Electric Owl; August 20, 2011

Review By Miriam Thom


Arriving at the Electric Owl a little after the doors opened was like walking into a bingo night. The crowd for this cystic fibrosis fundraiser was mostly white-haired.

The opening act was David Morin, whose desperately smooth souled-out voice was accompanied by a guitar and a MacBook. Unfortunately, he was outshined by his friends in the Hawaiian shirts and tevas, who were losing it on the dance floor and colliding with the old folks jumping and jiving nearby. Morin, meanwhile, looped and layered his tracks and occasionally caught us off guard with sweet sounding melodic riffs. I won’t tell this guy to go back to busking on Granville, but that voice needs at least a three-man band behind him to succeed.

I met Panther & The Supafly in the back alley before the show and was immediately intrigued by the random assortment of members. Onstage, frontman Josh Panther spat rhymes like “smoking weed yah, is betta than smokin’ crack” while attempting to get the audience to put their peace signs in the air. The lack of participation did not stifle his swagger, though, and his high-energy performance, cut with the band’s perfect set, was something I believe Curtis Mayfield himself might break down to.

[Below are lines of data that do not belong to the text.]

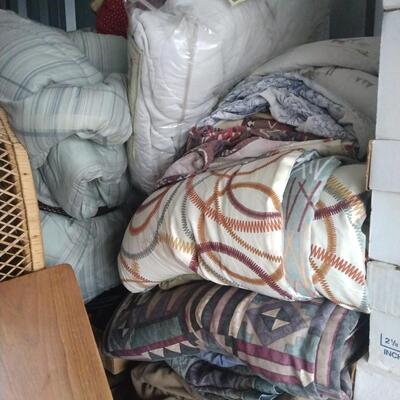 All linens blankets and towels lot
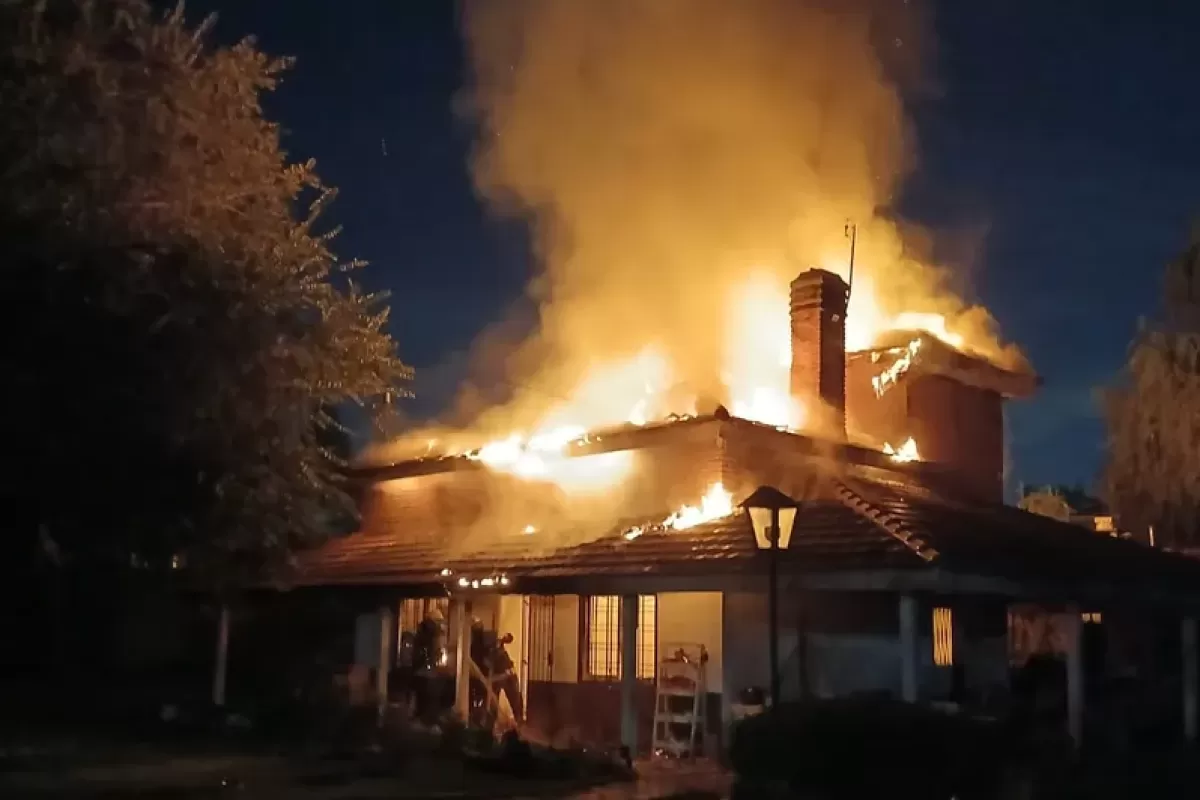 Tragedia en Pilar: un incendio en una vivienda dej&oacute; tres j&oacute;venes muertos y sobrevivientes heridos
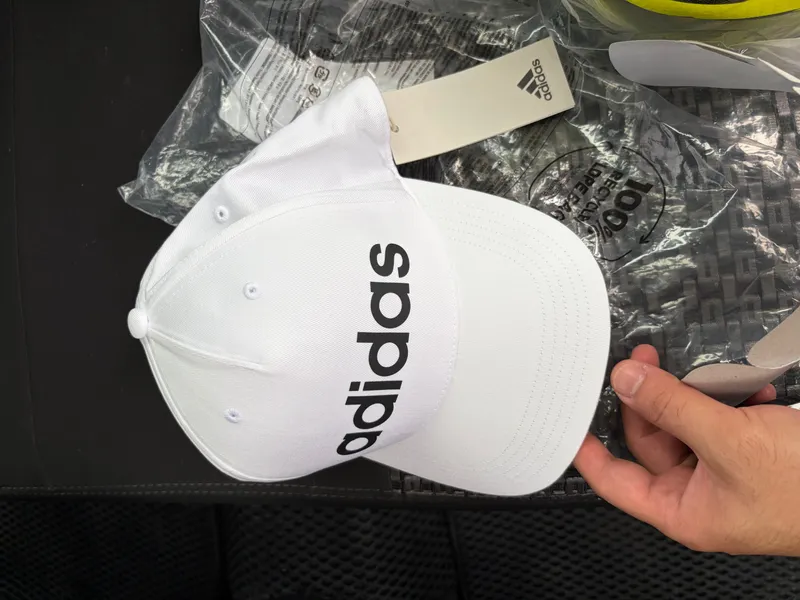 kepka adidas orginal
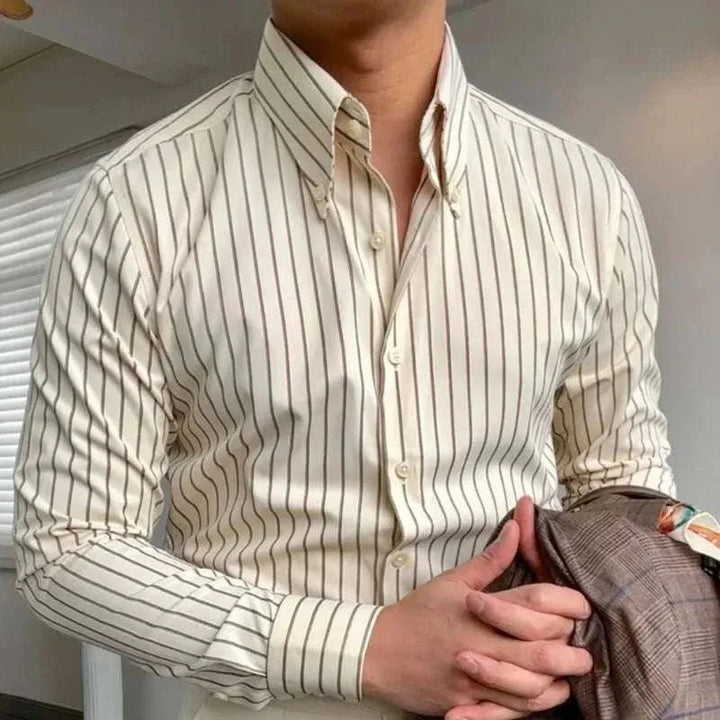 Chemise de smoking britannique à rayures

West Coast hip-hop-inspired headliners Heatwave & The Vandettas showcased their best coast steez. The band dropped their rhythm and blues melodies cleanly, as the drummer set a metronomic beat that was unbroken. The female keyboardist, meanwhile, laid out spontaneous pop-like melodies with her jazz-trained fingers. Heatwave’s lyrics may not be the most original, though, with interjections about the crowd being good people “like baby Jesus” seeming slightly off-colour. Clichés like “I love music” and “I had a dream about Martin Luther King” felt superfluous. Clearly not mimicking the ‘70s disco band Heatwave, the group’s genre-bending is adding some fresh energy to Vancouver’s hip-hop scene.